DC. Alors que vous écrivez depuis votre adolescence, vous dites avoir trouvé votre manière en écrivant la première de vos nouvelles, L’Adieu à Phœbé, soit vers 1980. Quel a été au juste votre travail sur l’écriture entre 15 et 30 ans ?
VvdM. Au
lycée, j’ai découvert que je pouvais me perdre totalement dans
l’écriture. J’ai alors essayé différents genres : poème, chanson, pièce
de théâtre. À 23 ans, j’ai remporté un prix pour le monologue De Behandeling (Le
Traitement) qui a été mis en scène et joué par une compagnie
professionnelle. Comme je croyais tenir le bon bout, je me suis
focalisée pendant plusieurs années sur l’écriture et l’adaptation
théâtrales. Mais il m’a bien fallu admettre que ma force ne résidait
pas dans ce genre d’écriture ; je n’ai pas trouvé un ton propre. Ce que
j’obtenais, c’était trop minimaliste, trop introverti. J’ai tenté
d’écrire des nouvelles qui ont été refusées par différentes revues
littéraires. Puis un jour, l’une d’elles, Afscheid van Phoebe (L’Adieu
à Phœbé) a été publiée, remarquée et appréciée. À partir de ce
moment-là, j’ai disposé d’une « tribune » pour mes nouvelles.

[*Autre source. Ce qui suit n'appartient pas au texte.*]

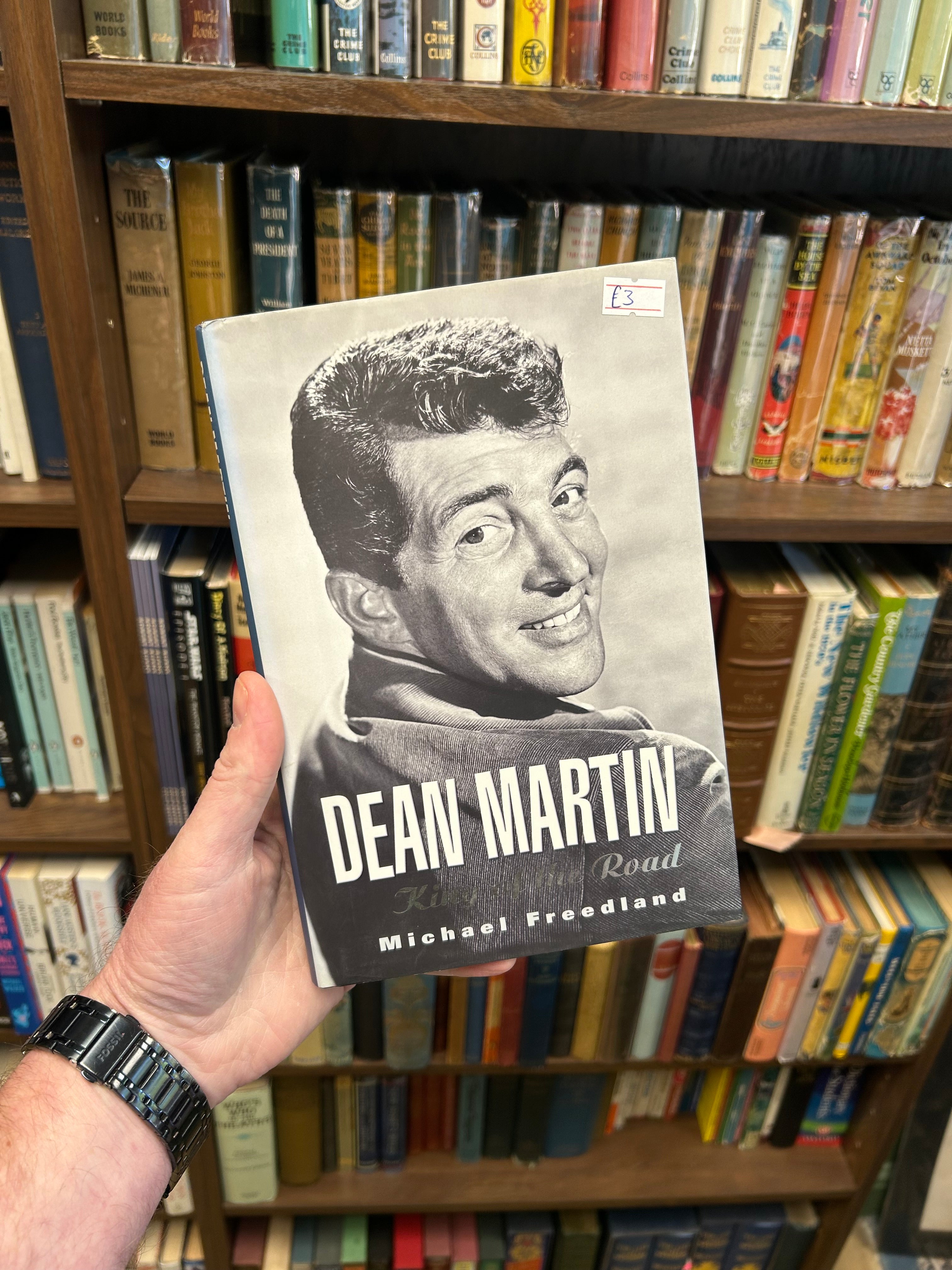 Dean Martin,King of the Road- Michael Freedland. AB004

DC. Quelle influence a eu le théâtre sur votre écriture, quelle place occupe-t-il dans la structure de vos romans ?
VvdM. Mon
travail dans le domaine du théâtre m’a permis d’apprendre à penser de
manière scénique. Et aussi de savoir la part narrative qu’il est
possible de glisser dans un dialogue. Cela m’a permis aussi de me
représenter très concrètement une situation donnée avant de l’écrire.
Au fond, je traite mes personnages comme des comédiens. Je me pose des
questions comme celles-ci : Où était-elle avant d’entrer dans cette
pièce ? Pourquoi est-elle là ? Que fait-elle quand elle parle ?
DC. Quel était au départ votre ambition en écrivant La Maison dans les dunes / Les Invités de l’île ? Quelle est la genèse de la trilogie romanesque insulaire ?
VvdM. Un jour, j’ai trouvé un livre d’or dans une maison que je louais sur l’une des îles des Wadden.
Les petites phrases et quelques brèves histoires consignées par
d’anciens locataires ont piqué ma curiosité au plus haut point.
Certaines avaient été écrites par simple politesse, d’autres
paraissaient tout à fait absurdes. Ces phrases par exemple : hier, on a apporté huit cartons. Pour les prochains locataires ? On les a laissés dans le couloir.
Qui sont ces gens ? voilà ce que je ne cessais de me demander. J’ai
tout de suite vu qu’il y avait un roman à faire. Des locataires qui se
succèdent, qui vivent toutes sortes de choses, qui pensent toutes
sortes de choses sur ceux qui les ont précédés. Avec la maison en tant
que personnage principal. Pareille aux jupes de la maman sous
lesquelles les enfants peuvent se réfugier. Pendant plusieurs années,
j’ai tourné en rond sans rien parvenir à écrire. Un jour, j’ai entendu
dans ma tête la première phrase de la femme de ménage et le reste est
venu tout seul.
DC. La
plupart de vos romans et nouvelles sont centrés sur un petit nombre de
personnages qui vivent à l’époque contemporaine. Presque tous et toutes
traitent de thématiques très concrètes, très humaines (les conflits
dans un couple ; le suicide ; l’avortement ; l’adoption ; la lâcheté ;
la jalousie ; la culpabilité ; le mensonge…). Pouvez-vous préciser
votre démarche qui semble à l’opposé de celle d’écrivains qui se
documentent beaucoup, par exemple celle d’une romancière comme Hella S.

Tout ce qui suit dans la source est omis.